Para o primeiro, há no cardápio da semana itens como risoto de frango, feijão e brócolis, em um dia, e, no outro, torta de batata com carne moída, arroz, lentilha, nabo e cenoura. Já na conveniada, o TCE flagrou cardápios que oferecem no jantar pão com margarina e suco, em um dia, bolinho de chuva, em outro, e, no dia seguinte, arroz doce.
Com a verba que recebe mensalmente da prefeitura, Ana Paula mantém em dia a folha de pagamento e não muito mais que isso. Como muitos pais atrasam a mensalidade de R$ 100, a escolinha faz festas beneficentes para arrecadar dinheiro.
- Se a gente esperar pela prefeitura, não fizemos nada - comenta a diretora.
Gurizada tem tratamento de primeira na Emei Maria Marques
Realidades bem diferentes
Em outra conveniada, a IEIC São Francisco de Assis, os problemas estruturais do prédio também comprometem a qualidade do atendimento. Há fiação elétrica exposta, necessidade de adequação dos banheiros e materiais de obra no pátio. Segundo o coordenador Alexandre Souza de Freitas, a escola espera há dois anos reformas estruturais com recursos do Orçamento Participativo.

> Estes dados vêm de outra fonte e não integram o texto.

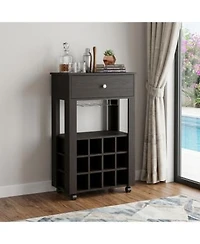 HomeRoots Rolling Bar Cart with Wine Storage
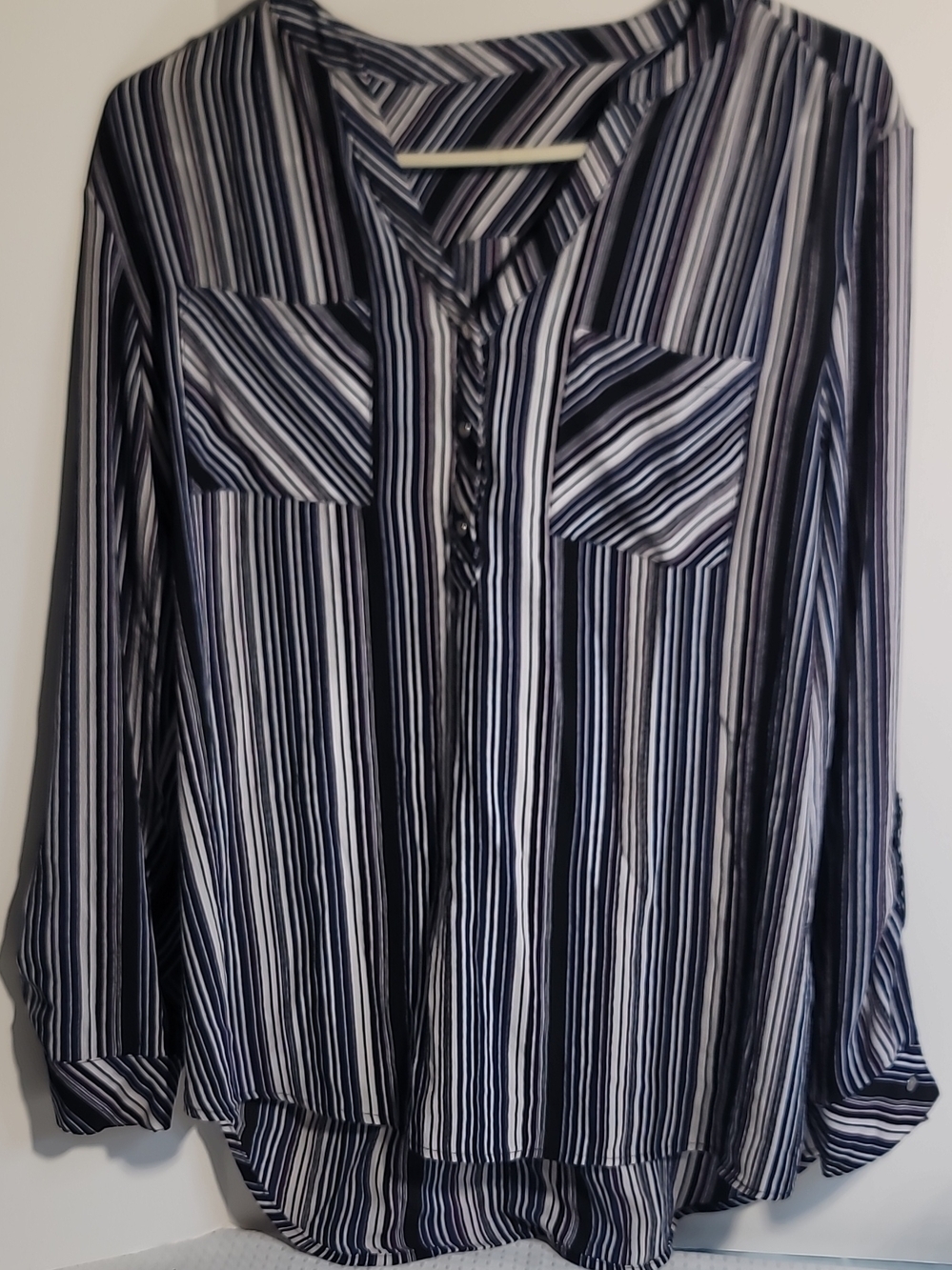 Striped Navy and White Button-Front Women’s Blouse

_ É muito difícil de administrar _ admite ele.
Situada no mesmo bairro das conveniadas, a Escola Municipal de Educação Infantil (Emei) Maria Marques Fernandes atende a 117 alunos - dos quais seis são alunos com necessidades especiais -e praticamente poderia abrir outra Emei apenas com a lista de espera de 70 crianças. A diretora Teresina Sá Oliveira não tem queixas a fazer quanto a repasses de verbas. Apenas precisa de jogo de cintura para lidar com a fila dos que esperam por uma vaga.
Assim como as conveniadas, oferece quatro refeições. Porém, na Emei, há sempre um técnico em nutrição na cozinha. Com prédio recém-reformado, possui sala de informática, biblioteca, horta e amplo espaço na pracinha.
As explicações da Smed para...
Acompanhamento das conveniadas
- O convênio com instituições de educação infantil iniciou em Porto Alegre em 1993. Desde então, a coordenadora da educação infantil da Secretaria Municipal de Educação (Smed), Gislaine Marques Leães, afirma que as escolas estão passando por um processo gradativo de qualificação e que são monitoradas pela Smed por intermédio de assessoramento pedagógico, financeiro e jurídico. Todas elas estão registradas no Conselho Municipal dos Direitos da Criança e do Adolescente. Precisam se planejar e prestar contas.
Dificuldade de gestão
- Gislaine explica que, por serem mantidas por associações de bairros, as conveniadas acabam sendo administradas por "pessoas leigas na gestão da instituição".
Qualidade questionável
- A diferença no valor investido por aluno de uma Emei para uma conveniada, segundo ela, acontece principalmente devido aos gastos com a folha de pagamento dos professores municipais, que têm plano de carreira.
- Segundo Gislaine, isso repercute no custo por aluno, mas a Smed está trabalhando para equilibrar as diferenças, com uma política de capacitação.
- A qualidade no atendimento, avalia Gislaine, não é tão atingida, pois há muitas instituições (conveniadas) que estão muito bem.
- Das 220 conveniadas, 133 possuem credenciamento no Conselho Municipal de Educação e, por isso, são consideradas mais avançadas em termos de qualidade. Em 2005, 90% dos monitores eram educadores leigos. Atualmente, 90 são educadores qualificados.
Obras futuras
- De acordo com a Smed, foi entregue em março deste ano a Emei Miguel Granato Velásquez, no Bairro Sarandi, com capacidade para 166 crianças.
- Estão sendo construídas outras nove Emeis na Capital, com previsão de conclusão até 2016.